■ **Brief**:
Please find the line that holds "Ελληνική Ομοσπονδία Θαλασσαιμίας: Εκκληση" below and reproduce it, along with every line after it through the end, exactly and without pictures.
==== Excerpted data
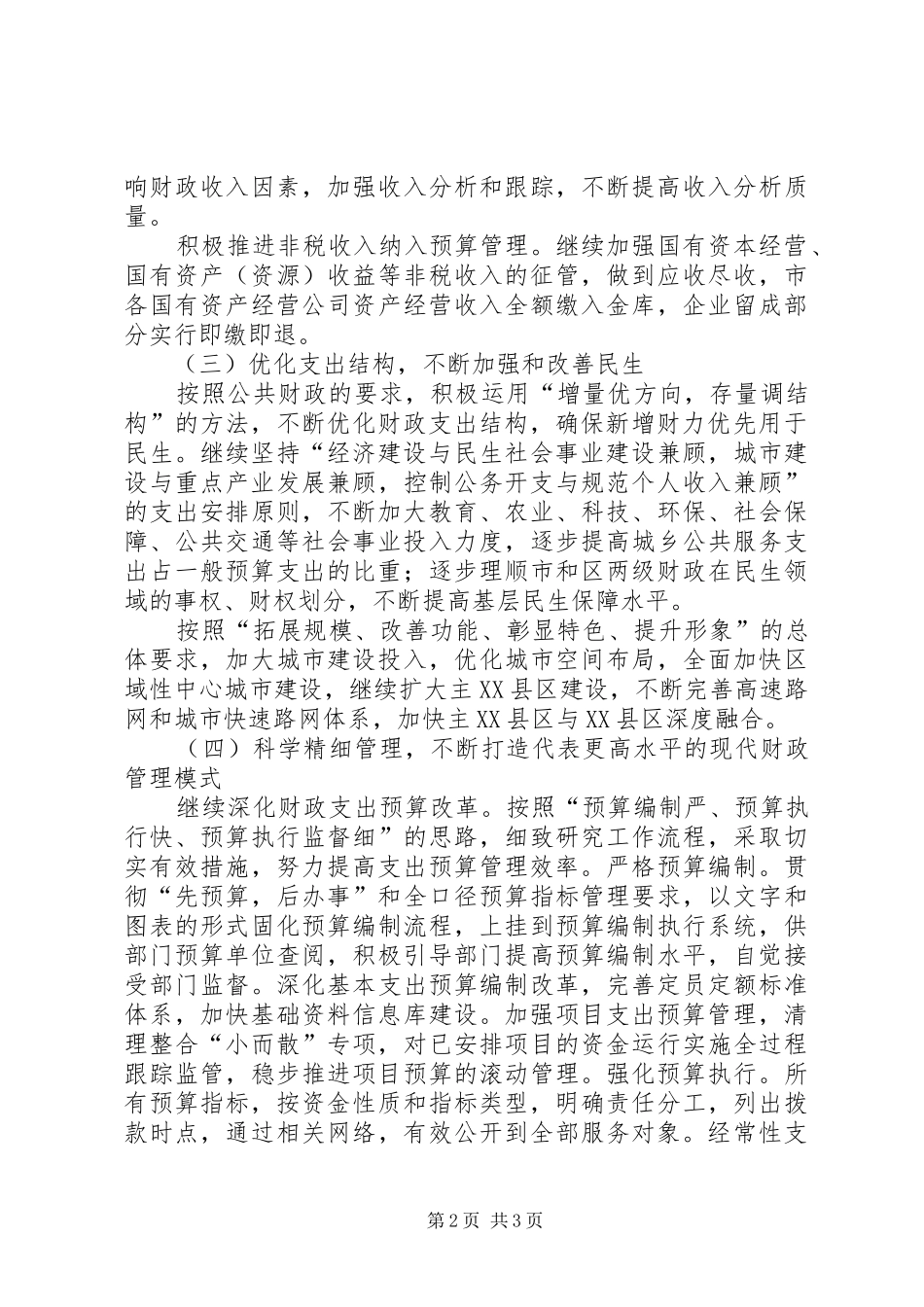 市财政局工作安排_第2页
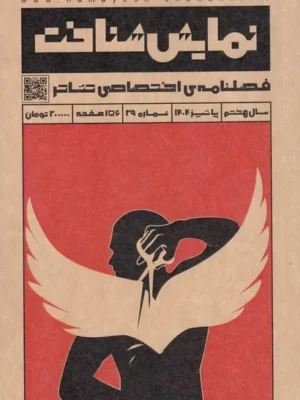 خرید مجله نمایش شناخت (فصلنامه اختصاصی تئاتر) شماره 29 پاییز 1404
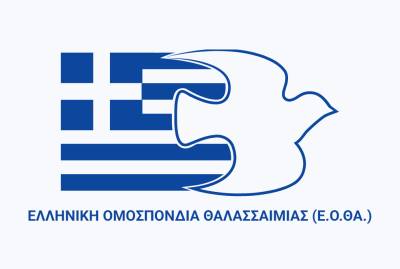Ελληνική Ομοσπονδία Θαλασσαιμίας: Εκκληση για εθελοντική αιμοδοσία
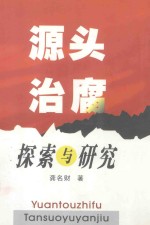 源头治腐探索与研究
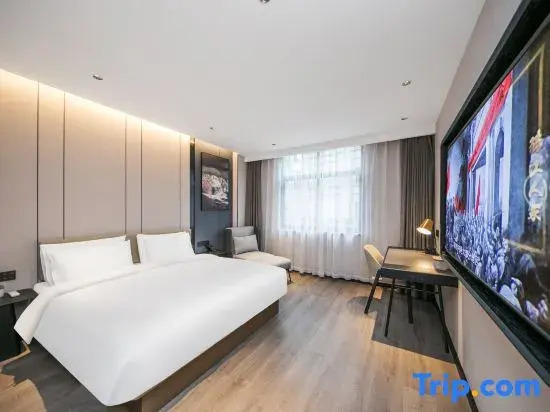 Urban Garden Hotel (Shangrao Wuyue Square)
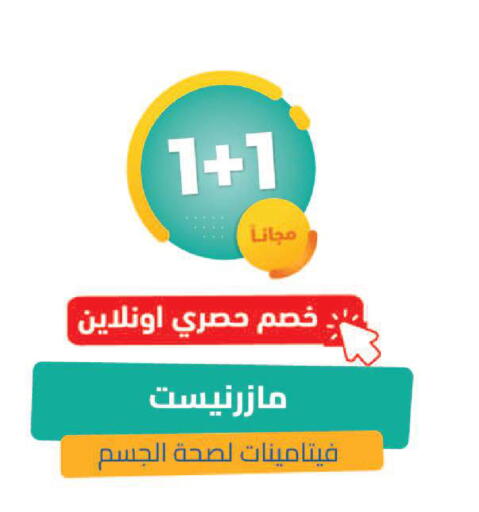 available at United Pharmacies in KSA, Saudi Arabia, Saudi - Tabuk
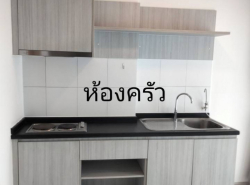รถมือสอง อสังหาริมทรัพย์ คอนโดมิเนียม ปี 0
========
■ **Answer to the exercise**:
Ελληνική Ομοσπονδία Θαλασσαιμίας: Εκκληση για εθελοντική αιμοδοσία
 源头治腐探索与研究
 Urban Garden Hotel (Shangrao Wuyue Square)
 available at United Pharmacies in KSA, Saudi Arabia, Saudi - Tabuk
รถมือสอง อสังหาริมทรัพย์ คอนโดมิเนียม ปี 0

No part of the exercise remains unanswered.